*PROBLEM TO SOLVE:* An exact reproduction of the lines from the one with "Chocolate-Covered Peanut Butter" to the end of the data below is required. No other lines may be included.
*** Opening RECORDS SHOWN ***
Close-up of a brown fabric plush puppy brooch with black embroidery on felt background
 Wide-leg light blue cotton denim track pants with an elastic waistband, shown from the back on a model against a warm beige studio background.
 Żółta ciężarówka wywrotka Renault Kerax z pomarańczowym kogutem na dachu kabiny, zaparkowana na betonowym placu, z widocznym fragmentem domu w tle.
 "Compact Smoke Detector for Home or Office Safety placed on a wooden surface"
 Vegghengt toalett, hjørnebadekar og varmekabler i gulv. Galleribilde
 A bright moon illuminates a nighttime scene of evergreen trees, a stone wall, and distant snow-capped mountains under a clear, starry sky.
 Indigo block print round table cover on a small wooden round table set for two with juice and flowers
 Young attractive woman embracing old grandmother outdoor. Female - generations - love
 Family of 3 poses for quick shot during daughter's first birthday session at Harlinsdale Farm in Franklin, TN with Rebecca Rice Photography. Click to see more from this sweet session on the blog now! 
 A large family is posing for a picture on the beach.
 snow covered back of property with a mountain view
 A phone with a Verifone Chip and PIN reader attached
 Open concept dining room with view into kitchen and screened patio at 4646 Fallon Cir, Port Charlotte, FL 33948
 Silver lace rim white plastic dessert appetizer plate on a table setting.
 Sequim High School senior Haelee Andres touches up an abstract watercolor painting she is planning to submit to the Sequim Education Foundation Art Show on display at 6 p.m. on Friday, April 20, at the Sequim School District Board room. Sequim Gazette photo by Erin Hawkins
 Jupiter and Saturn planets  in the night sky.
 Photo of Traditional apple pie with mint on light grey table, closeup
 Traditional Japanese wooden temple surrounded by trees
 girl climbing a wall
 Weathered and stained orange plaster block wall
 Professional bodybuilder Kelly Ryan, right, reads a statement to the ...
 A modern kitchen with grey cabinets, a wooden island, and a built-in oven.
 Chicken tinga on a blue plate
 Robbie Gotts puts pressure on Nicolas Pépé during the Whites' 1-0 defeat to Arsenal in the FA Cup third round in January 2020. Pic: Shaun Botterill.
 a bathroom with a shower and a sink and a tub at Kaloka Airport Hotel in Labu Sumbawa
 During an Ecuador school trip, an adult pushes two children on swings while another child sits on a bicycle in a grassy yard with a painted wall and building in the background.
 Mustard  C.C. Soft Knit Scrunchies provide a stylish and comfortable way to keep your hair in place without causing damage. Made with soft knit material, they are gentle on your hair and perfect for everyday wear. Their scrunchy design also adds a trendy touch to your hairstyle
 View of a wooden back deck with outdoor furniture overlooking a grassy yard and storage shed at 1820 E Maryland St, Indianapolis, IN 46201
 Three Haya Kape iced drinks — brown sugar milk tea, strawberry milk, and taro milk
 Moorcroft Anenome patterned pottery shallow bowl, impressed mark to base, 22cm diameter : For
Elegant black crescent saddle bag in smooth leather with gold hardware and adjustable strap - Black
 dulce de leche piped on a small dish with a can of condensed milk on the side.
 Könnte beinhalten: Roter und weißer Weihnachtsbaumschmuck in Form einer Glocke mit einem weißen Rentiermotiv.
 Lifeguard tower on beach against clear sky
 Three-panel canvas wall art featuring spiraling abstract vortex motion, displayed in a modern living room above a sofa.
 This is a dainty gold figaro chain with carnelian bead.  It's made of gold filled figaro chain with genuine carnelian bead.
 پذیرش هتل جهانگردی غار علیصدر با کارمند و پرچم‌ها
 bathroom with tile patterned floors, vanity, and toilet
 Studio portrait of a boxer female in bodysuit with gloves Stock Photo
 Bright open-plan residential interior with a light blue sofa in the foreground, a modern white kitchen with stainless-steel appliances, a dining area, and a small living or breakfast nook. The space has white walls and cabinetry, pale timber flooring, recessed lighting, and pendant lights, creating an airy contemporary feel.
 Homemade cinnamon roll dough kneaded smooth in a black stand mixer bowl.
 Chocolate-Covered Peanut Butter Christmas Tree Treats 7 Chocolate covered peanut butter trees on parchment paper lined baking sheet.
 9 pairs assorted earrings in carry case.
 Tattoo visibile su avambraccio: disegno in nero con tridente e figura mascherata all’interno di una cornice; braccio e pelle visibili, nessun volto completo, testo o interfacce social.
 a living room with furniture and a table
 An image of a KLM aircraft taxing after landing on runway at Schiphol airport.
*** Closing RECORDS SHOWN ***
*THE ANSWER:*
 Chocolate-Covered Peanut Butter Christmas Tree Treats 7 Chocolate covered peanut butter trees on parchment paper lined baking sheet.
 9 pairs assorted earrings in carry case.
 Tattoo visibile su avambraccio: disegno in nero con tridente e figura mascherata all’interno di una cornice; braccio e pelle visibili, nessun volto completo, testo o interfacce social.
 a living room with furniture and a table
 An image of a KLM aircraft taxing after landing on runway at Schiphol airport.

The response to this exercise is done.